WORK INSTRUCTIONS: Copy every line of the data exactly, keeping out any picture.

------ DATA FOR PROCESSING ------

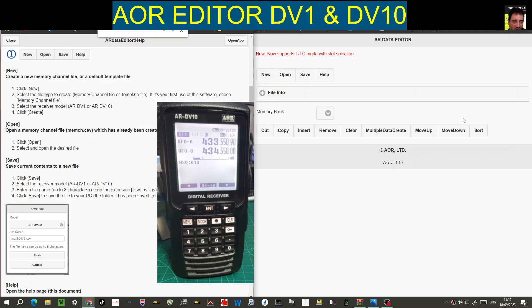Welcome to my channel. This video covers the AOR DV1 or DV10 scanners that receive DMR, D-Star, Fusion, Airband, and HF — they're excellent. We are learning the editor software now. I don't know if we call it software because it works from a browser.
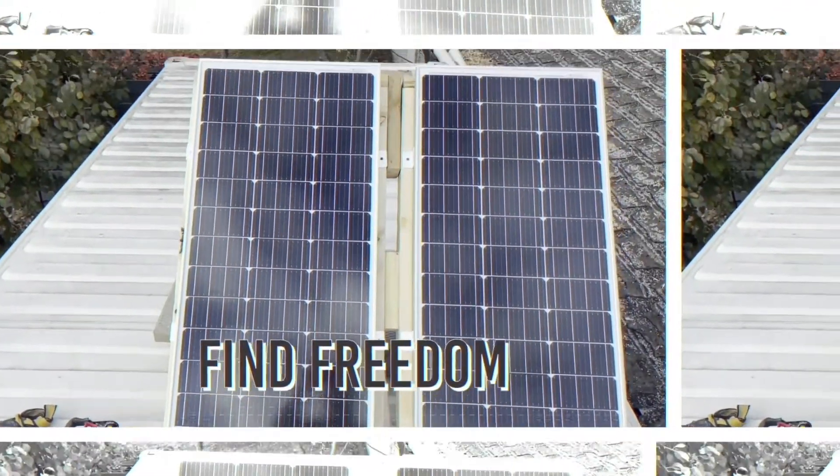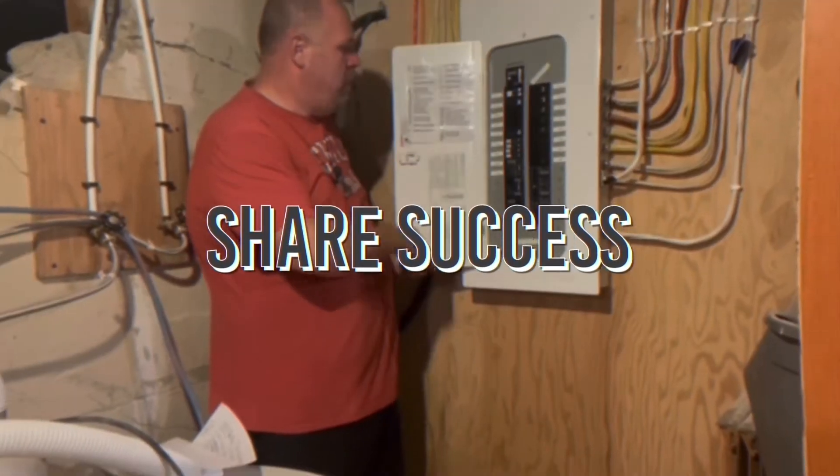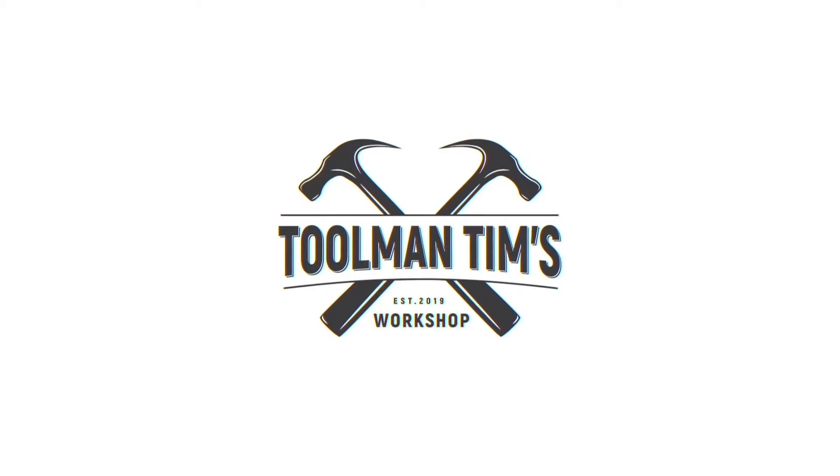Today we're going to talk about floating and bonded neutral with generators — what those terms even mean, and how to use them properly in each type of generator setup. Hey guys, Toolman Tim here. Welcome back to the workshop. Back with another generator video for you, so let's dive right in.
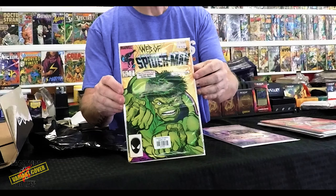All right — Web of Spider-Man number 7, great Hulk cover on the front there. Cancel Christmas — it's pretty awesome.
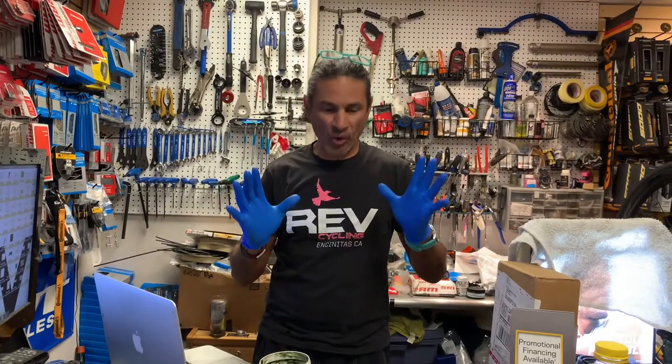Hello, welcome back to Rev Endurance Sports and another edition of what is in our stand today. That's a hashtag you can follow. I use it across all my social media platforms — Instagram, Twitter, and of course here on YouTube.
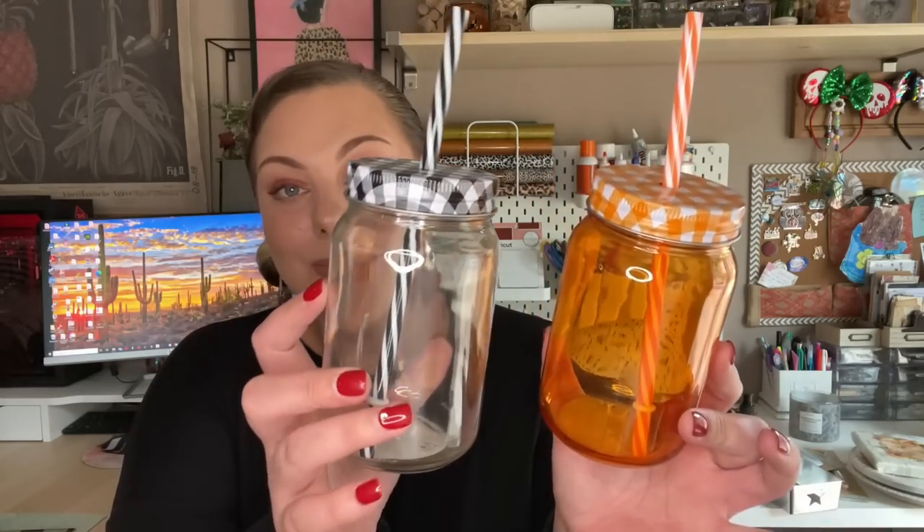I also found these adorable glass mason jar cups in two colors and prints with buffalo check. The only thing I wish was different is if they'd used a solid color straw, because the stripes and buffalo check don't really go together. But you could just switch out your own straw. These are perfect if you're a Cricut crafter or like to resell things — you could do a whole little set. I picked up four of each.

------

YOUR RESPONSE:
Welcome to my channel. This video covers the AOR DV1 or DV10 scanners that receive DMR, D-Star, Fusion, Airband, and HF — they're excellent. We are learning the editor software now. I don't know if we call it software because it works from a browser.
Today we're going to talk about floating and bonded neutral with generators — what those terms even mean, and how to use them properly in each type of generator setup. Hey guys, Toolman Tim here. Welcome back to the workshop. Back with another generator video for you, so let's dive right in.
All right — Web of Spider-Man number 7, great Hulk cover on the front there. Cancel Christmas — it's pretty awesome.
Hello, welcome back to Rev Endurance Sports and another edition of what is in our stand today. That's a hashtag you can follow. I use it across all my social media platforms — Instagram, Twitter, and of course here on YouTube.
I also found these adorable glass mason jar cups in two colors and prints with buffalo check. The only thing I wish was different is if they'd used a solid color straw, because the stripes and buffalo check don't really go together. But you could just switch out your own straw. These are perfect if you're a Cricut crafter or like to resell things — you could do a whole little set. I picked up four of each.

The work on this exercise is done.